Exactly the lines below starting at the line with "السلام عليكم للفائده" and ending at the line with "Прикладной психоанализ. Кто" are wanted, with both ends included. Leave out the pictures and add no other lines.

### Records ###

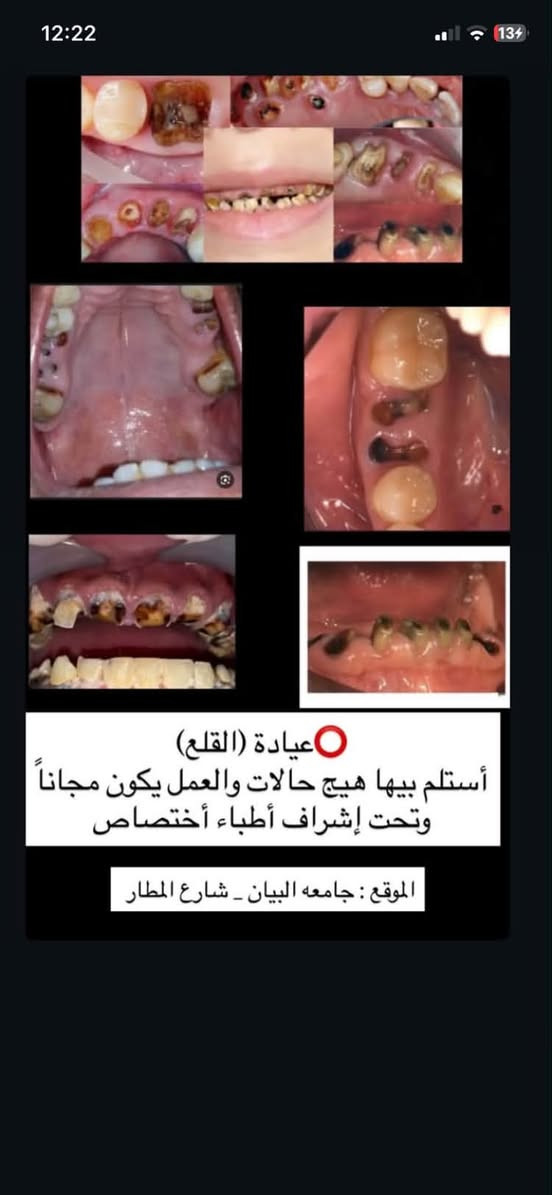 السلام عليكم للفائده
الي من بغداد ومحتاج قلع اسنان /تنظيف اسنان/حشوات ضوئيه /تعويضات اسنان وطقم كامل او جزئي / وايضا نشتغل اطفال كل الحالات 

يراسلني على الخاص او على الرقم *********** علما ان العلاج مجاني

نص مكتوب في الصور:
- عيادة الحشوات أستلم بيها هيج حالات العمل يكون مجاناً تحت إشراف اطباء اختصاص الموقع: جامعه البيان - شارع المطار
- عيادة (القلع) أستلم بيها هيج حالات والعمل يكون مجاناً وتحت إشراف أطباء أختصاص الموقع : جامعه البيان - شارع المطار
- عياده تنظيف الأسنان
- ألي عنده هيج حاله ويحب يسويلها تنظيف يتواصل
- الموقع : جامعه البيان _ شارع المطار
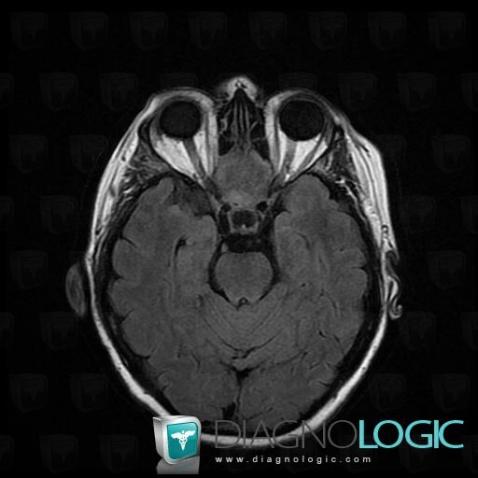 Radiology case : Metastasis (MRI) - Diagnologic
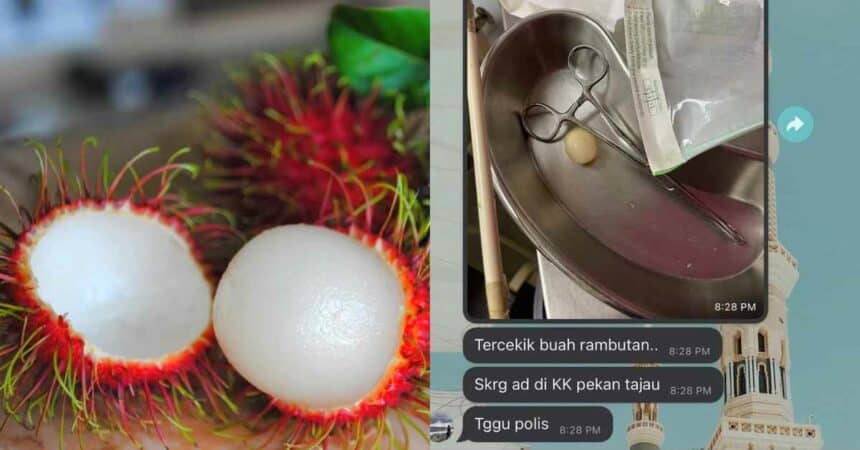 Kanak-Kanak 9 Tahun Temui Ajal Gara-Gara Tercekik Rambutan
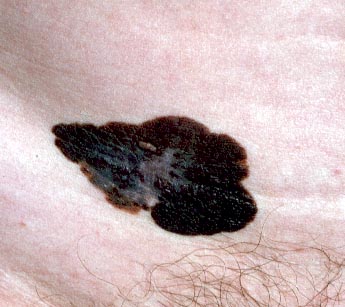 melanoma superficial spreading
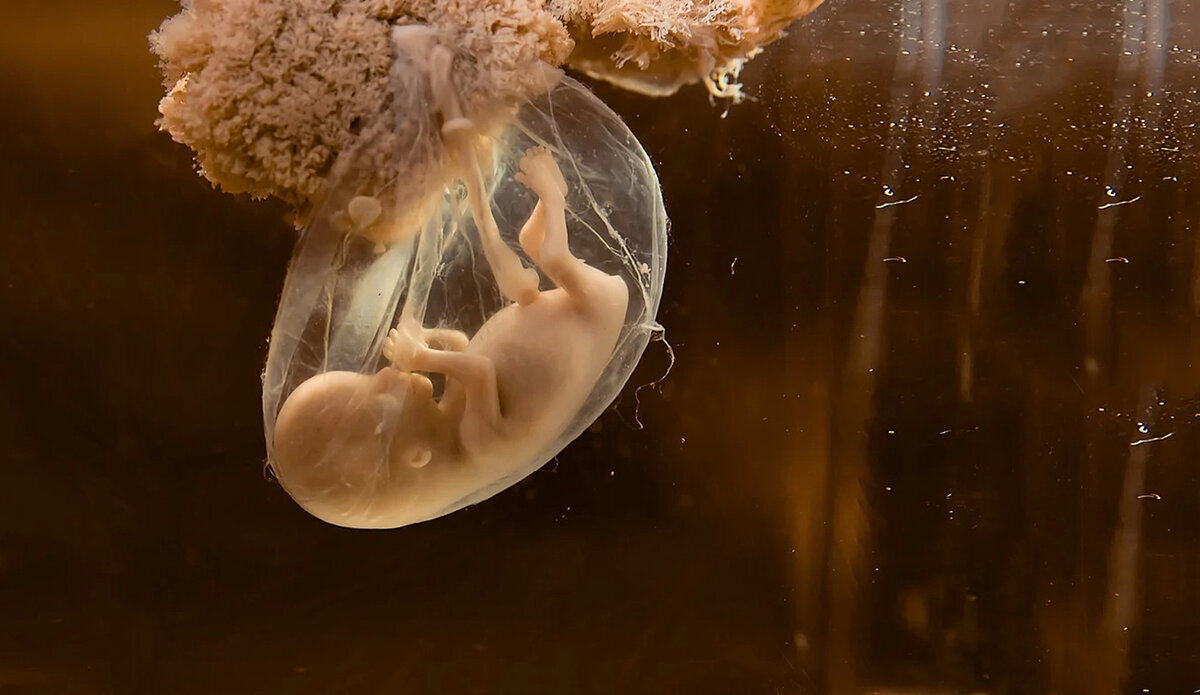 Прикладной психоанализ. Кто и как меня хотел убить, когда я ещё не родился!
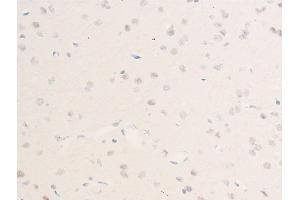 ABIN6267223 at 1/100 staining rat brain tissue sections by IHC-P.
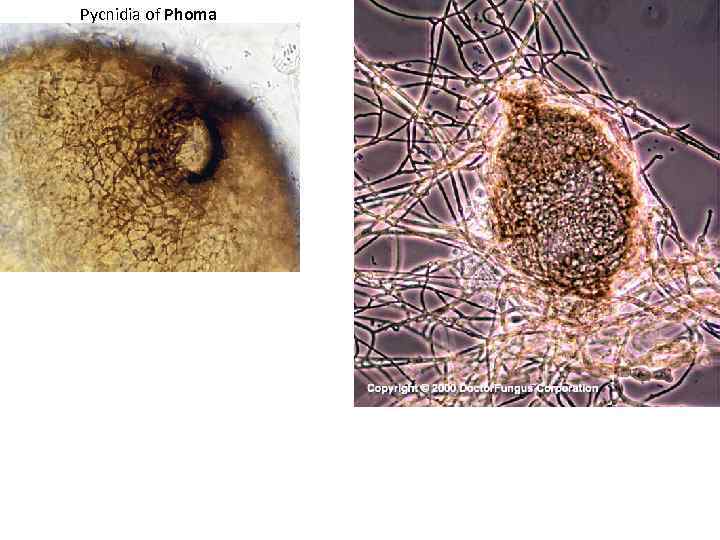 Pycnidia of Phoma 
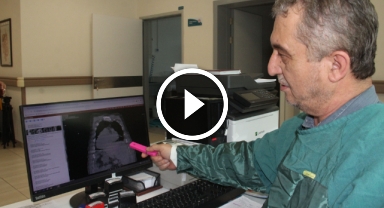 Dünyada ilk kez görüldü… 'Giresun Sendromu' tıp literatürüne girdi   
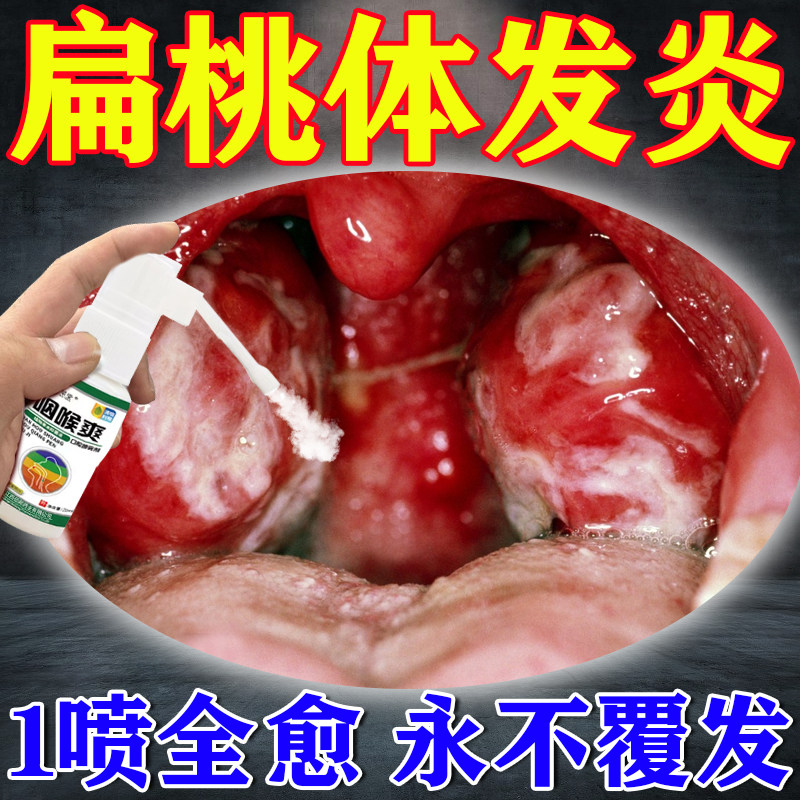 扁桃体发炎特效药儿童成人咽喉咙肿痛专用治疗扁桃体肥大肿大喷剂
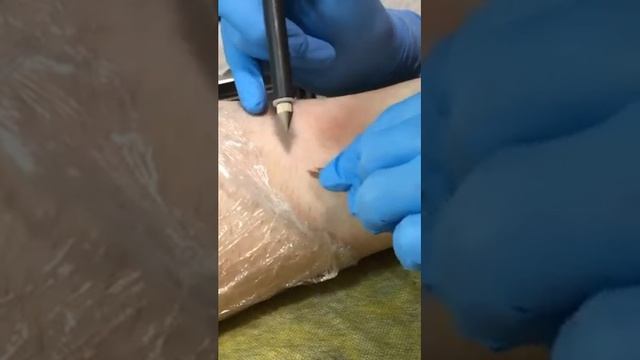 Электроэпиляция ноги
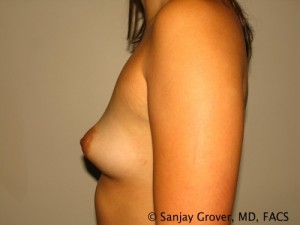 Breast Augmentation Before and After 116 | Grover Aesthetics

###
### Records ###

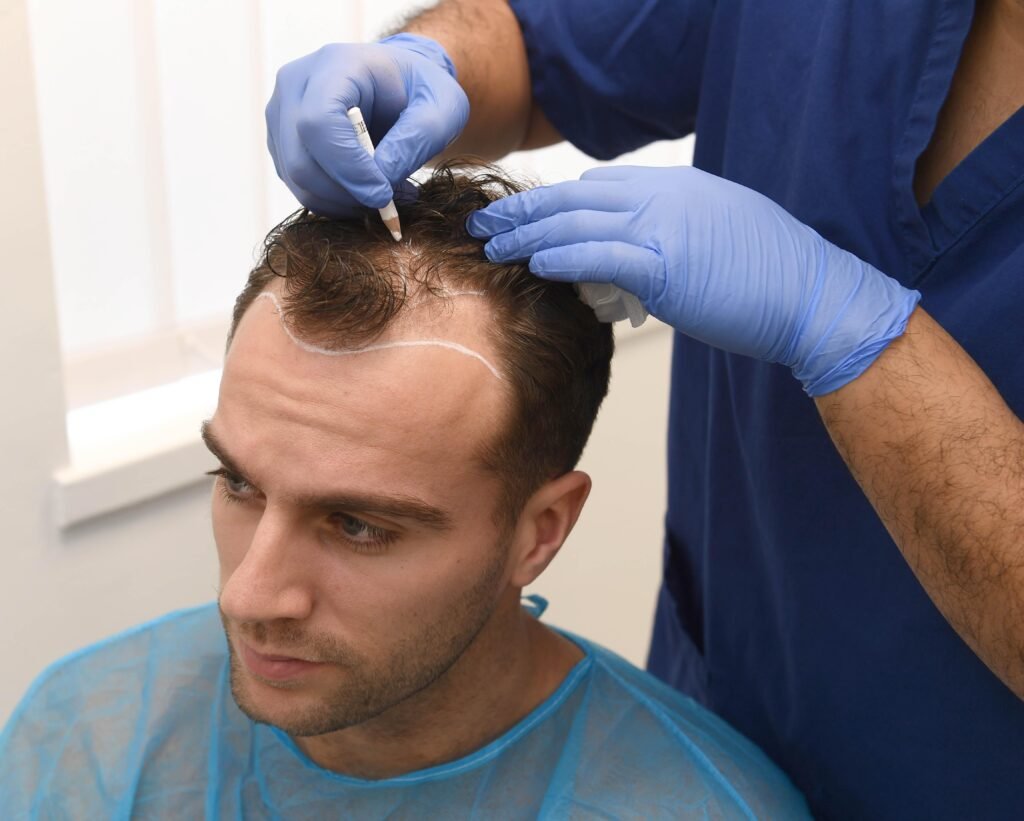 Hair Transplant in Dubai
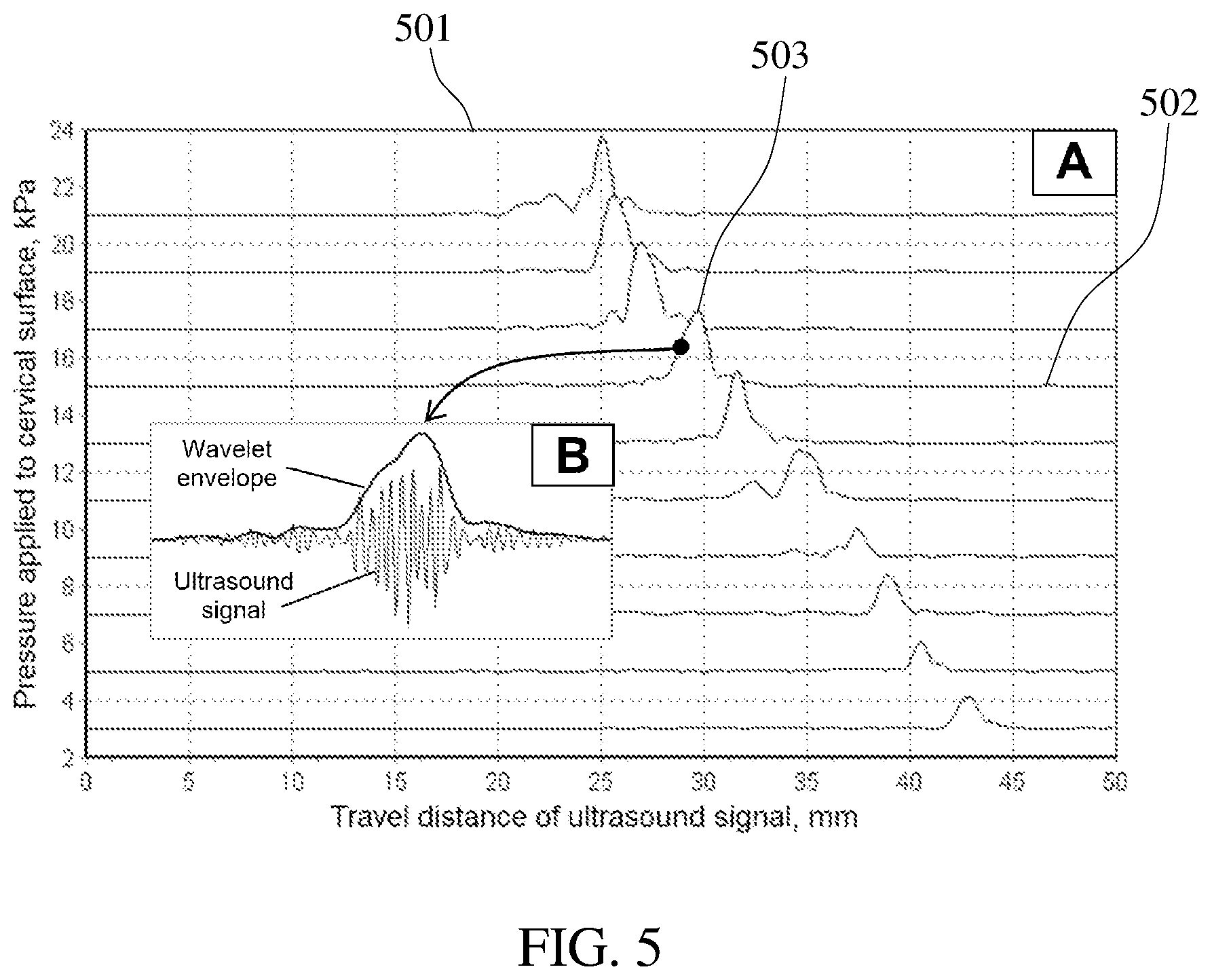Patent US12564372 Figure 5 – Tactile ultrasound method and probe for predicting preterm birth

###

Final answer:
 السلام عليكم للفائده
الي من بغداد ومحتاج قلع اسنان /تنظيف اسنان/حشوات ضوئيه /تعويضات اسنان وطقم كامل او جزئي / وايضا نشتغل اطفال كل الحالات 

يراسلني على الخاص او على الرقم *********** علما ان العلاج مجاني

نص مكتوب في الصور:
- عيادة الحشوات أستلم بيها هيج حالات العمل يكون مجاناً تحت إشراف اطباء اختصاص الموقع: جامعه البيان - شارع المطار
- عيادة (القلع) أستلم بيها هيج حالات والعمل يكون مجاناً وتحت إشراف أطباء أختصاص الموقع : جامعه البيان - شارع المطار
- عياده تنظيف الأسنان
- ألي عنده هيج حاله ويحب يسويلها تنظيف يتواصل
- الموقع : جامعه البيان _ شارع المطار
 Radiology case : Metastasis (MRI) - Diagnologic
 Kanak-Kanak 9 Tahun Temui Ajal Gara-Gara Tercekik Rambutan
 melanoma superficial spreading
 Прикладной психоанализ. Кто и как меня хотел убить, когда я ещё не родился!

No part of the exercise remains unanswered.